General Administration Information
For storage information, see the specific product information within the How Supplied section.
Hazardous Drugs Classification
-NIOSH 2016 List: Group 2
-NIOSH (Draft) 2020 List: Table 2
-Observe and exercise appropriate precautions for handling, preparation, administration, and disposal of hazardous drugs.
-Use double chemotherapy gloves and a protective gown. Prepare in a biological safety cabinet or compounding aseptic containment isolator with a closed system drug transfer device. Eye/face and respiratory protection may be needed during preparation and administration.
Route-Specific Administration
Injectable Administration
-Visually inspect parenteral products for particulate matter and discoloration prior to administration whenever solution and container permit.
Intravenous Administration
-Palifermin is available as a single-dose, 5.16-mg lyophilized powder vial.
-Do not administer within 24 hours of myelotoxic chemotherapy.
Reconstitution:
-Slowly add 1.2 mL of Sterile Water for injection to the 5.16-mg lyophilized powder vial for a final vial concentration of 5 mg/mL.
-Swirl contents gently for about 3 minutes to completely dissolve the powder; do not shake or vigorously agitate the vial.
-Do not filter the reconstituted solution during preparation or administration.
-Storage after reconstitution: Use immediately if possible; may be stored in the refrigerator (2 to 8 degree C; 36 to 46 degrees F) in the carton for up to 24 hours.
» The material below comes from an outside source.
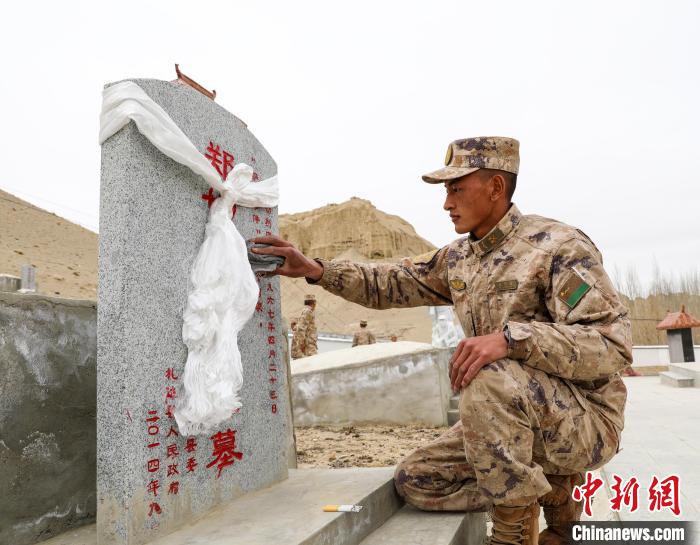 圖為阿里軍分區(qū)某邊防團(tuán)官兵為革命先烈擦拭墓碑。　劉曉東 攝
Do not freeze and protect from light.
Preparation:
-Withdraw the calculated dose from the reconstituted vial into a syringe; discard the unused portion of the vial.
Intravenous Injection:
-Allow palifermin to reach room temperature for up to 1 hour protected from light prior to the injection; discard if left at room temperature for more than 1 hour.
-Administer as an IV bolus injection.
-If heparin is used to maintain the IV line, rinse the line with saline prior to and after palifermin administration.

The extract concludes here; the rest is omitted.